▸ **PROMPT**: Everything from the line holding "Kagen no Tsuki Chapter 9 page 4" through the last line of the data, and nothing else, should be retyped exactly, with no pictures.

▸ **RECORDS PROVIDED**:
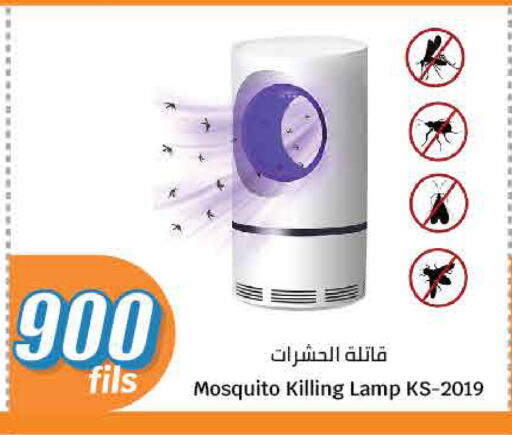 Small Appliances in City Hypermarket, Kuwait Offers - Kuwait Insect Repellent available at City Hypermarket in Kuwait - Jahra Governorate
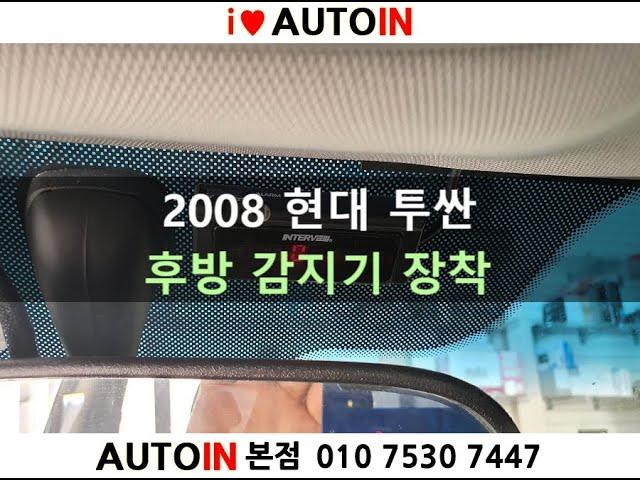 2008 투싼 후방 감지기 장착 [인터뷰 후방감지기]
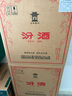 汾酒53度黃蓋玻汾  清香型白酒 高度口糧酒  泡酒 53度 475mL 6瓶 整箱裝非原箱 曬單實拍圖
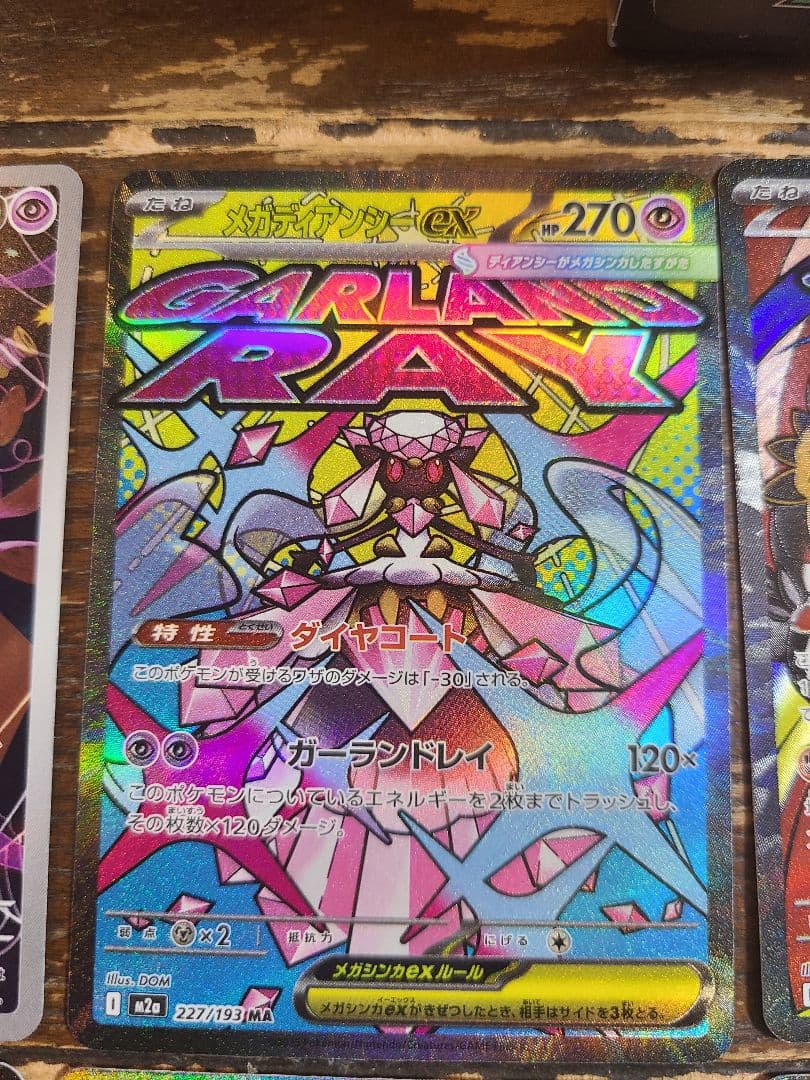 石*等様 は*る様 MEGAドリームex　ゴッドパックセット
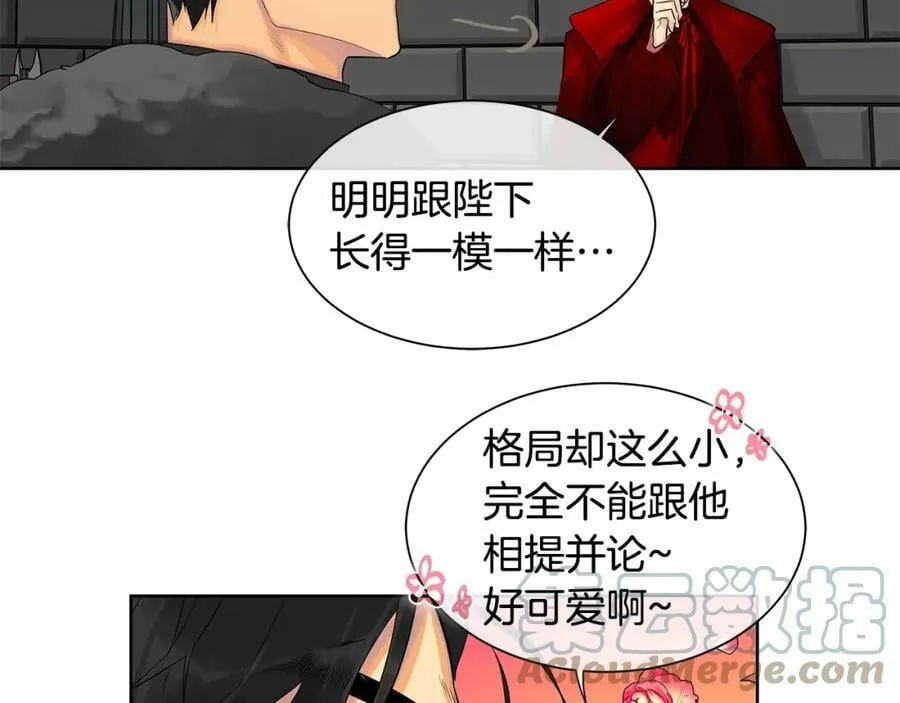 第15话 看中你了 第21页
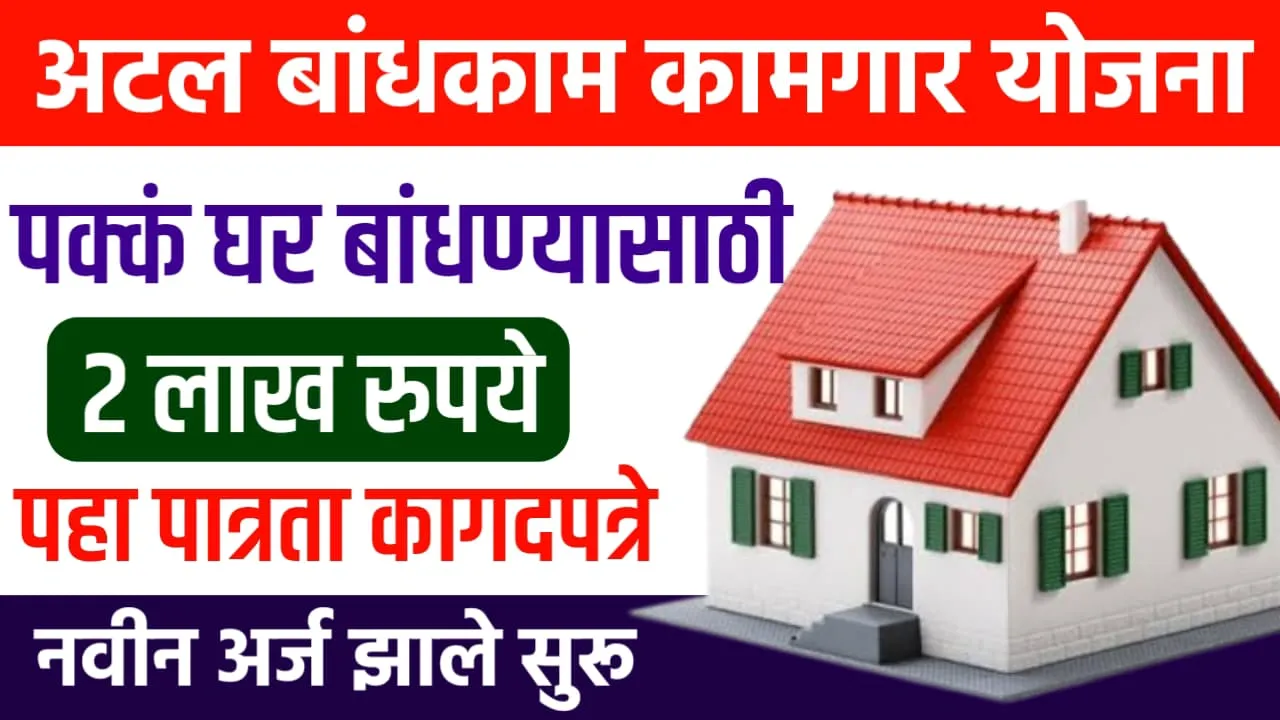 Atal Bandhkam Kamgar Awas Yojana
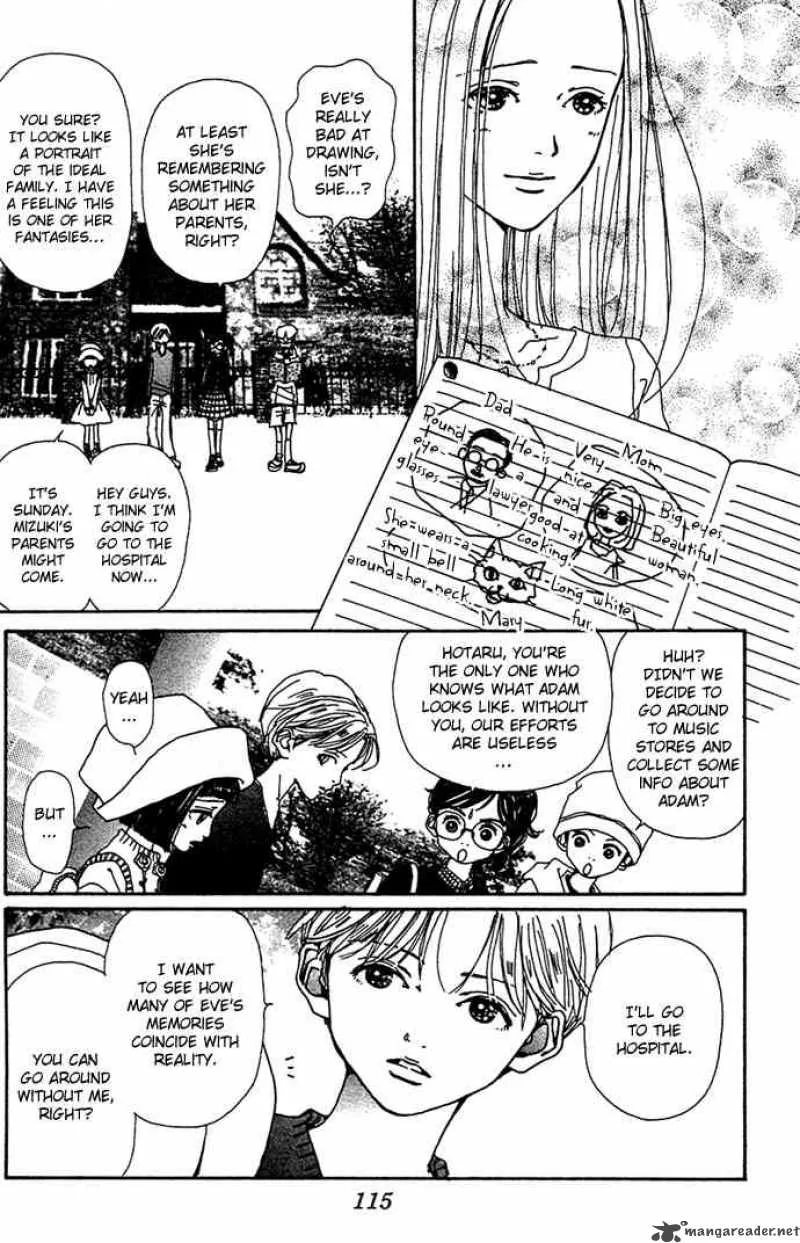 Kagen no Tsuki Chapter 9 page 4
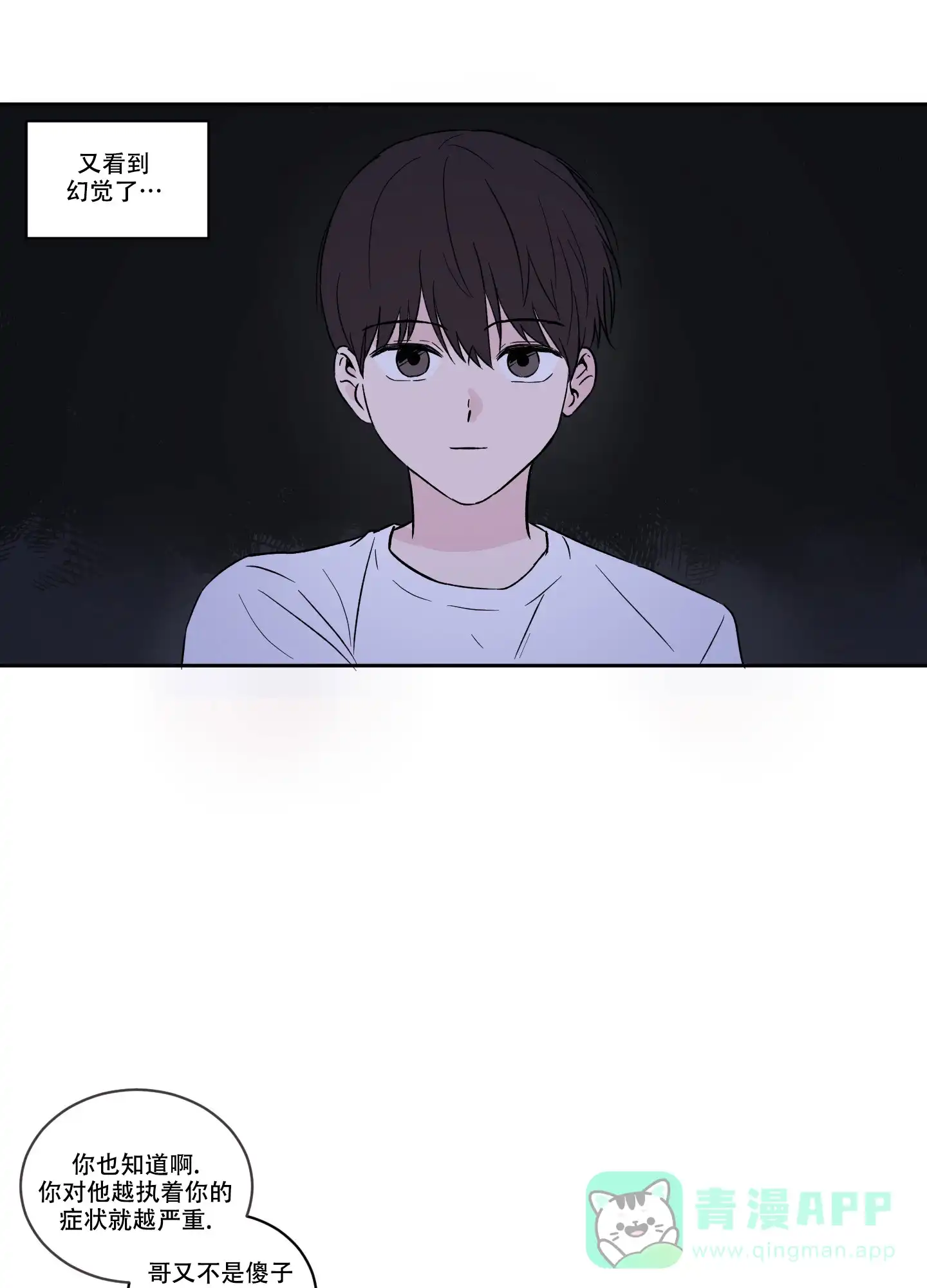 《内在世界》第4话 第1页
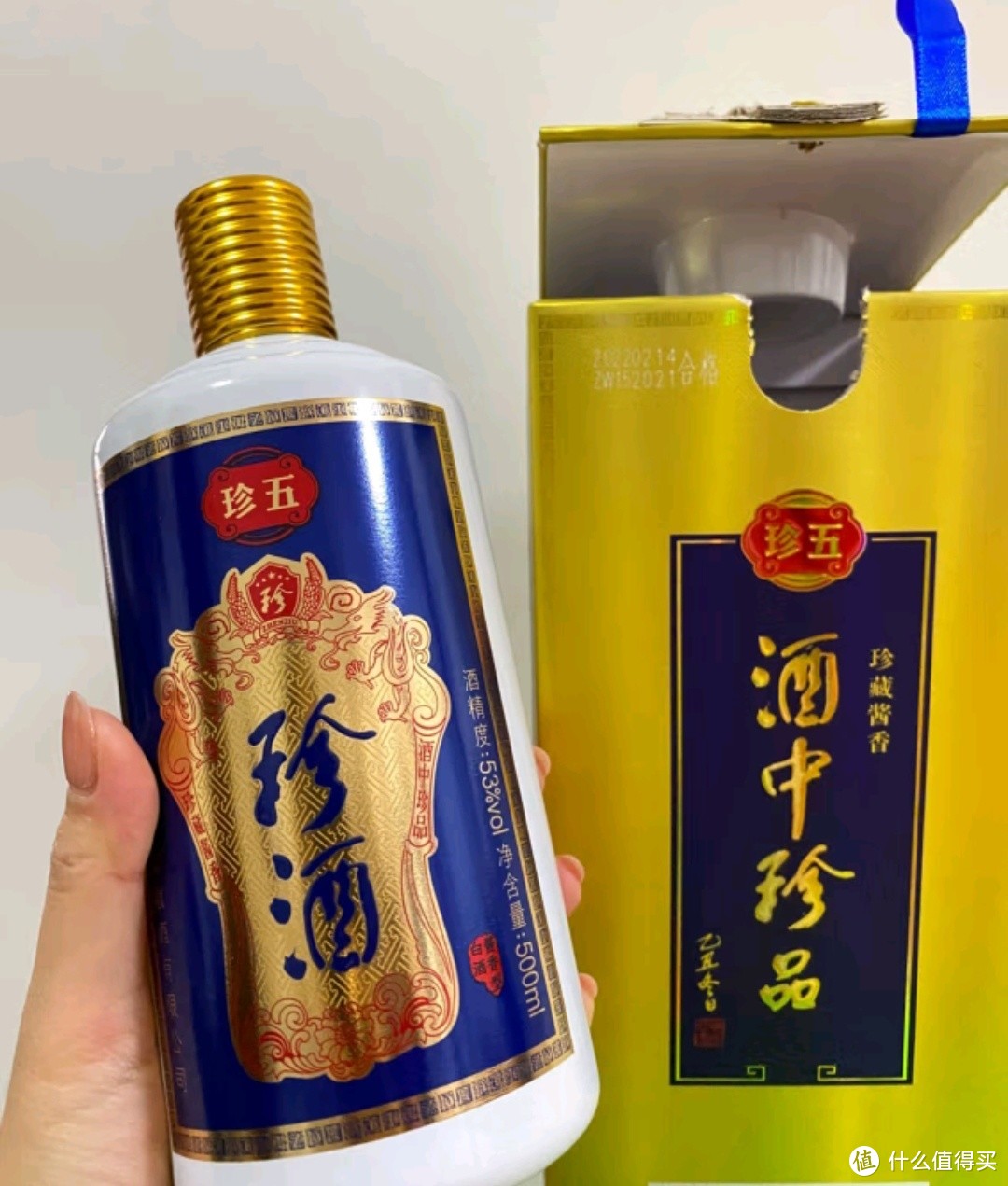 中秋选酒指南：两款佳酿，满足全家口味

▸ **FINISHED TASK**:
 Kagen no Tsuki Chapter 9 page 4
 《内在世界》第4话 第1页
 中秋选酒指南：两款佳酿，满足全家口味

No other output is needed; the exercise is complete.